Francis Outred, Christie’s head of post-war and contemporary art in Europe, is to leave the auction house after ten years. “I resigned this summer but was asked to stay on until after the New York sales. It’s the best kept secret at Christie’s, ever,” he says. Christie's is yet to announce a successor.
Outred joined Christie’s from Sotheby’s in 2009, at at time when the art market was sobering up after several years of excess. “It was a difficult moment at that point,” Outred recalls. “Ed Dolman [then the chief executive at Christie’s] came to me with a request to grow the European team, it was the first time they had appointed a head of Europe. They really gave me a carte blanche to re-strategise, bring a vision and to grow the department.”

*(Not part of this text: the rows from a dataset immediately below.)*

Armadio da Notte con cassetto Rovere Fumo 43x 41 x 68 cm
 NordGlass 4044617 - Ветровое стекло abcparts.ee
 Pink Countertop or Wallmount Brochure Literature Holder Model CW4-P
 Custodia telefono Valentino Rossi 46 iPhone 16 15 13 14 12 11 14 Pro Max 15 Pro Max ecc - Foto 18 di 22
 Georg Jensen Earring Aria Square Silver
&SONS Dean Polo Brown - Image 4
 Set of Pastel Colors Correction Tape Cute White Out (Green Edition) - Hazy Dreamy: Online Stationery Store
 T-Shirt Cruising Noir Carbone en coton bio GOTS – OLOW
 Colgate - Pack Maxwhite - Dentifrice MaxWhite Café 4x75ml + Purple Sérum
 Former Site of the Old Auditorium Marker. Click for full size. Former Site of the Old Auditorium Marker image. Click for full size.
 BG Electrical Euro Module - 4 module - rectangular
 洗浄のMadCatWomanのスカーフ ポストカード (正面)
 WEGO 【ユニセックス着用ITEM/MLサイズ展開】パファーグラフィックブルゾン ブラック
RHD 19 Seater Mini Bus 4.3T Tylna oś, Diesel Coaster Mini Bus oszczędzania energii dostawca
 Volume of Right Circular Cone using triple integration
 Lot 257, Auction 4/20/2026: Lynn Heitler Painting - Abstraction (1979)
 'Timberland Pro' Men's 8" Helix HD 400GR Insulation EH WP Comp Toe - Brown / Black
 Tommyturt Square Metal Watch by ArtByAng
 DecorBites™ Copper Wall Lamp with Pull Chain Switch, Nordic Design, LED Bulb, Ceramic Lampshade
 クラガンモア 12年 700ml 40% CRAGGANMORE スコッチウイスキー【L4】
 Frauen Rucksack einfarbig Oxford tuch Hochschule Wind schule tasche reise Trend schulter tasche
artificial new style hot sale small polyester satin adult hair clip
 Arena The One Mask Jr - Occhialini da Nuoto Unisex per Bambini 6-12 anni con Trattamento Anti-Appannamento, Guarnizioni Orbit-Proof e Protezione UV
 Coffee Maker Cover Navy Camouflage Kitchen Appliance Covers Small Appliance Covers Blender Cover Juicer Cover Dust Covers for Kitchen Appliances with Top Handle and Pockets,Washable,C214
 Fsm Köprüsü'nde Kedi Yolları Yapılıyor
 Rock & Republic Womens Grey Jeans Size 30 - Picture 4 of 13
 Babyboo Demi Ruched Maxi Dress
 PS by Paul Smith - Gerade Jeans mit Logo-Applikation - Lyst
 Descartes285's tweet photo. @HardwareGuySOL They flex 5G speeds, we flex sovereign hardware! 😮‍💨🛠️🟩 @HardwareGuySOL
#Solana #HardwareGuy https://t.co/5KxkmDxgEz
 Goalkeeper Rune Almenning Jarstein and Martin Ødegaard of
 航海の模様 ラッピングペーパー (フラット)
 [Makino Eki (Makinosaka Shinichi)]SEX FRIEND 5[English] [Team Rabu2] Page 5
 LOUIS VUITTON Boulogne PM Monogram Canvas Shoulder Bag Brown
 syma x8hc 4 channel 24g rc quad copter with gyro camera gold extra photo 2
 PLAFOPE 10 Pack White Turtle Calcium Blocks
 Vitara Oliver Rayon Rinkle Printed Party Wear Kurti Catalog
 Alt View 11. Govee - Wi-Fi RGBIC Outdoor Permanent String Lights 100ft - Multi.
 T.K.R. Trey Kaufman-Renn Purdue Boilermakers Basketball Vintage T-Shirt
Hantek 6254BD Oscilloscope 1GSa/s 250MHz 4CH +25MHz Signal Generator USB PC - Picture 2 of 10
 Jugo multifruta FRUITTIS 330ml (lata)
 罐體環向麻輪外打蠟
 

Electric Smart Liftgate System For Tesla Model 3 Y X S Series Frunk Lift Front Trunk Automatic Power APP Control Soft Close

And grow it has. Outred calculates a 50% gain in the contemporary art field in Europe over the past decade. “When I left Sotheby’s in 2008, it was just after we had achieved the record sale in Europe, which was £95m. I am now leaving Christie’s on the back of a record sale in Europe in March, which fetched £137m,” he says.
Part of Outred’s legacy is to have established what he describes as a “masterpiece mentality”. Whereas previously the company was very focused on client research, Outred's team brought in “object research to try and find pictures in the field”.
Among the masterpieces he has consigned, Francis Bacon’s Three Studies of Lucian Freud (1969), which achieved $142m in 2013, a record for a contemporary work, is a clear highlight. “The estimate of $85m was a record in our field and we had ten people bidding over $100m, which was the most extraordinary thing,” Outred recounts. “It made the highest price for any work of art at that time, a figure since superseded by Modigliani, Picasso and the Leonardo.”
So is it a matter of leaving on a high? “Absolutely,” Outred says. Despite $2bn of art being sold in New York last week, including the David Hockney record painting, he observes there has been a “tightening” in the market over the past couple of months.
Outred says he has no immediate plans for the future, and will take a break until spring 2019. The recent death of his father-in-law has caused him to rethink his priorities, which include spending more time with his wife and three children.
As for his next career move, Outred says he has had “many offers over the years”, but has always batted them away. “This job is too intense to consider other things, which is why I need time off to think about what I want to do next,” he says.
“The art world has changed so much since I first started out 20 years ago. When I joined Christie’s, nobody knew what Instagram was, now we are selling $25m pictures on Instagram,” he says. “I am keen to take a step back and think about what working in the art world in the 21st century means, whether there is anything to be done that’s new and interesting,” he says.
Having helped launch Christie’s Mayfair gallery, would he consider a move into the gallery sphere, as former auction house colleagues such as Brett Gorvy have done? “I am not making any promises, everything is on the table. Running a gallery is interesting but not top of my list right now,” Outred says.
“What has driven me is an amalgamation of trying to find a way to work between auctions, private sales, exhibitions and the digital sphere, trying to expand the capabilities of the auction house and trying to create a bandwidth beyond people’s comfort zones.”